What are the chances of a diplomatic solution to the Namibian puzzle, in which Angola and South Africa would have to fit the crucial pieces into place? What is often forgotten is that Angola needs a settlement far more than South Africa does. Indeed, South Africa is under no great military pressure to settle; any analogy with Ian Smith’s regime in Zimbabwe, which faced outright defeat at the hands of guerrillas if there had been no settlement, would be false. The South Africans could stay in Namibia for many years, although it is now fairly expensive for them, and a growing number of young whites are reluctant to waste years as conscripts on the Angolan-Namibian border. If the South Africans are to be persuaded to vacate Namibia, some hefty bonus will have to be offered them. That is as unappetizing to Western liberal opinion as it is to black Africans. But since South Africa cannot be ejected militarily, some major concession will have to be made instead if Namibia is to be free.
The bonus secretly being offered, with President Reagan and his assistant secretary of state for African affairs, Chester Crocker, acting as brokers, is a reduction of Cuban troops in Angola. This might make it possible for South Africa’s prime minister P.W. Botha to sell a white departure from Namibia to his own paranoid white constituency, which has become an increasingly awkward part of the puzzle. For Botha is under attack at home—from the white right. Half the Afrikaner electorate has been voting for far-right parties opposed even to Mr. Botha’s tentative plans for reform, which of course are laughably inadequate in the view of most blacks. But a “betrayal” of whites in Namibia, without visible international compensation, would be a potent battle cry against Botha within Afrikanerdom.
Any “linkage” of South African and Cuban withdrawal is denied by all sides. But that is word play. Black Africans dislike the term—and concept—of linkage because it smacks of an infringement of African sovereignty. Why, it is plausibly argued, cannot independent black states entertain whomever they wish—Cubans or Americans—upon their own soil? A valid reaction, but one that forgets that South Africa has no strong incentive to leave Namibia. For reasons of self-interest (albeit only short- or middle-term interest) the West will not impose economic sanctions against South Africa; no UN vote has a chance of making South Africa budge. It has, in this instance, to be induced to leave. The chances are slim, nonetheless. Botha may think it safer, for domestic electoral reasons, to sit tight and stall again. But without Cuban linkage there is no chance of his leaving at all.

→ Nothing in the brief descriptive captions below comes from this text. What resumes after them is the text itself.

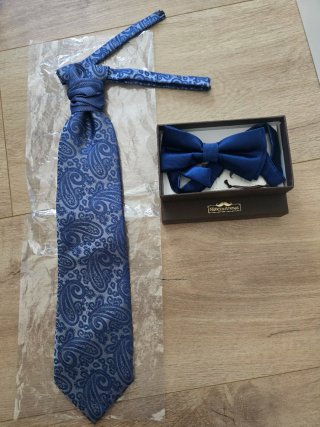 Traje de novio azul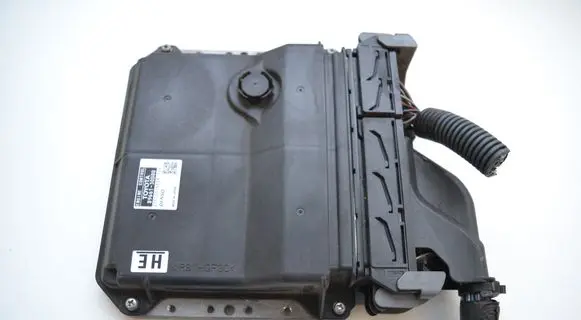 Lexus GS 300 350 430 450H Engine control unit/module 8966130D00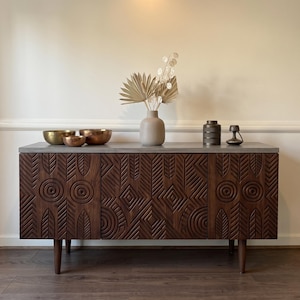 Armario tallado a mano / Aparador de madera hecho a mano / Muebles personalizados de madera maciza de mediados de siglo / Decoración moderna para sala de estar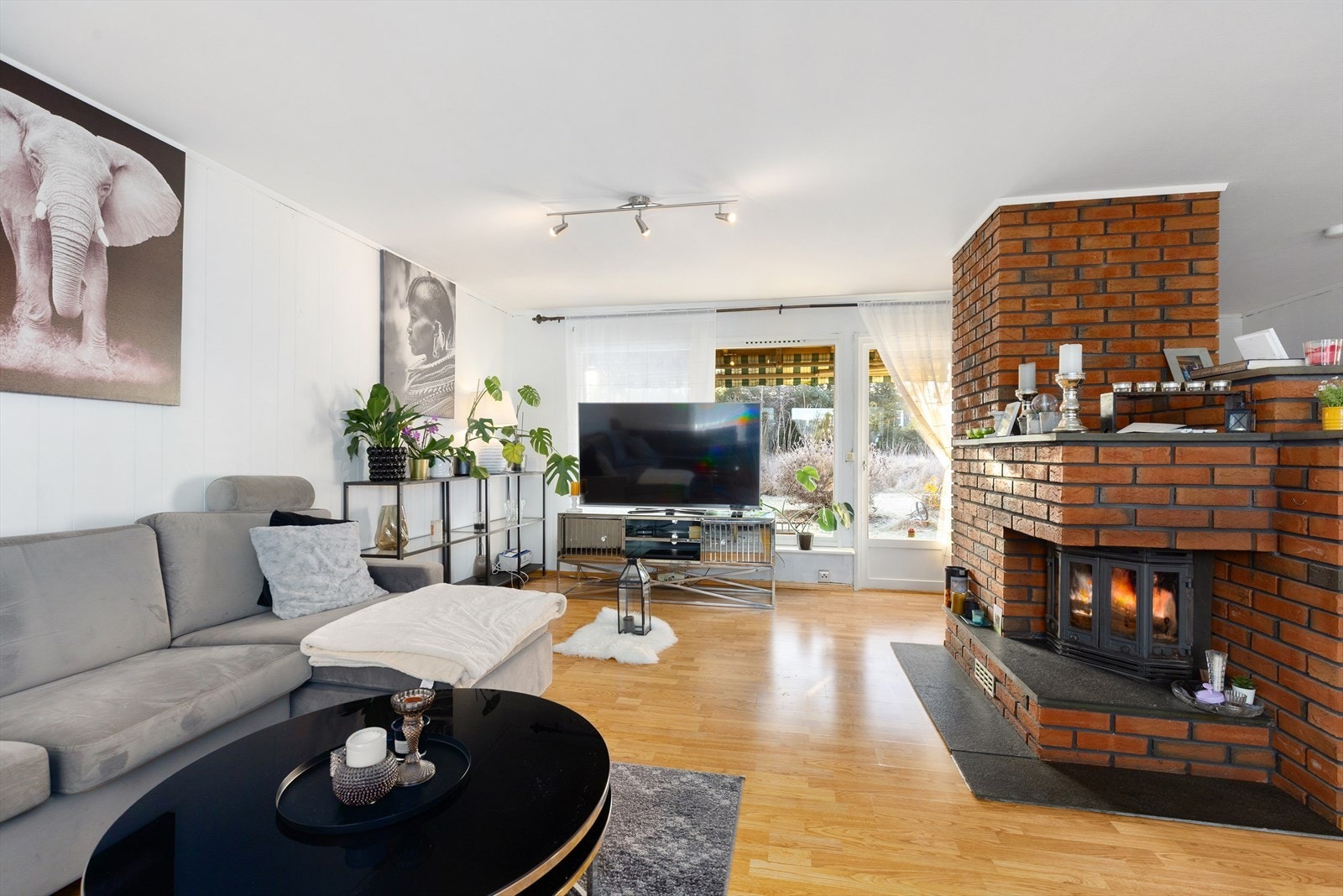 Stua er gjennomgående, med store vindusflater både mot sydvest og nordøst for godt lysinnslipp. Utgang til solrik hage og uteplass hvor det også er opparbeidet en utepeis. Galleribilde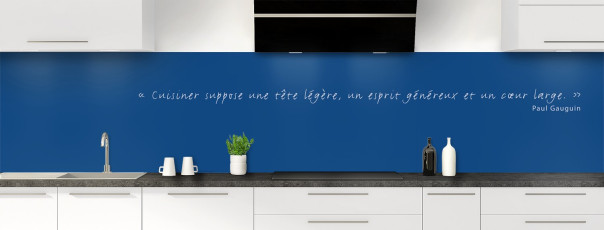 Crédence de cuisine TEXTE5B couleur Classic blue panoramique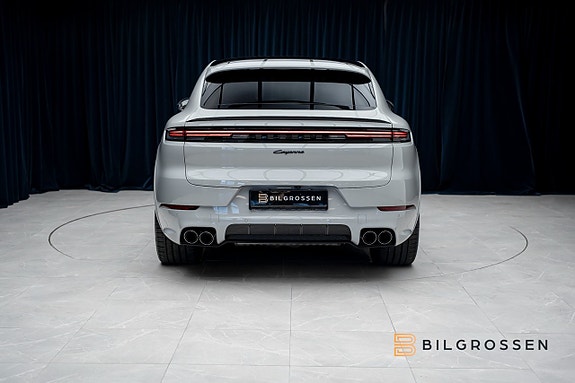 Porsche Cayenne Coupe 4 of 5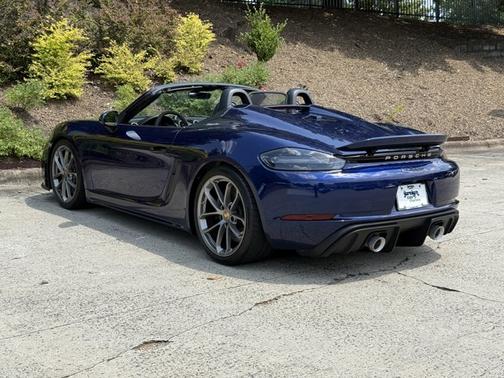 2022 Porsche 718 Spyder 2DR SPYDER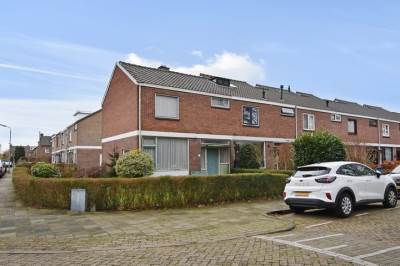 Woning Dr. Alphons Diepenbrockstraat 1 Nootdorp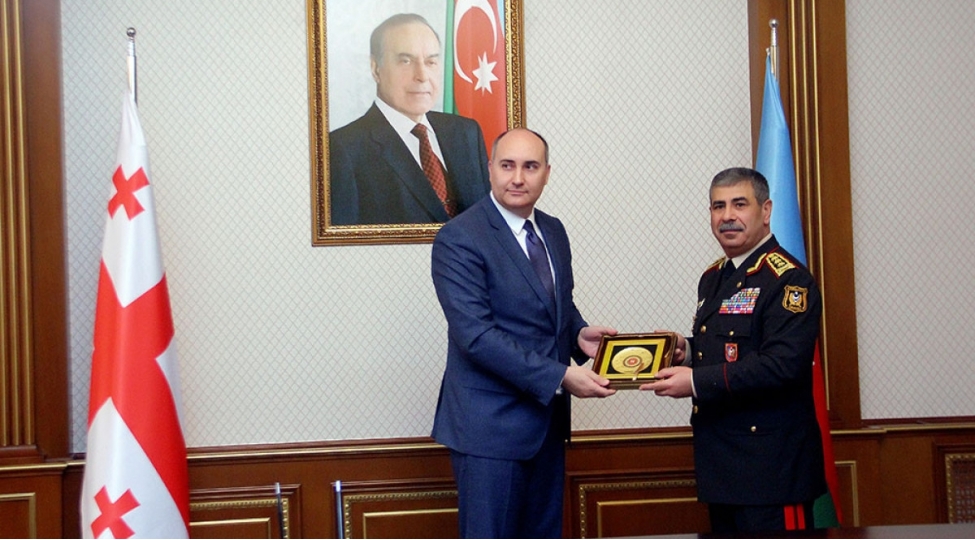 azerbaycan-ve-gurcustan-mudafie-nazirlerinin-gorushu-kechirilib-video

Even if the MPLA has far fewer Cubans to depend on, there is little likelihood that Savimbi, deprived of South African protection, will batter at the gates of Luanda. Nor is it any likelier that the MPLA will snuff out Savimbi once he loses South African support. A debilitating stalemate would probably prevail. It is not for the West, certainly, to demand that Savimbi be imposed upon the MPLA. The furthest the West can go is to introduce the Cuban factor into the negotiations in order to get South Africa out of Namibia. The small print will have to be highly secret, and South Africa and the Cuban-Soviet axis will have to cooperate with remarkable trust in carrying out whatever accord, sub rosa, is spelled out. If the communist countries do this, they will have done much to rescue Angola and free Namibia.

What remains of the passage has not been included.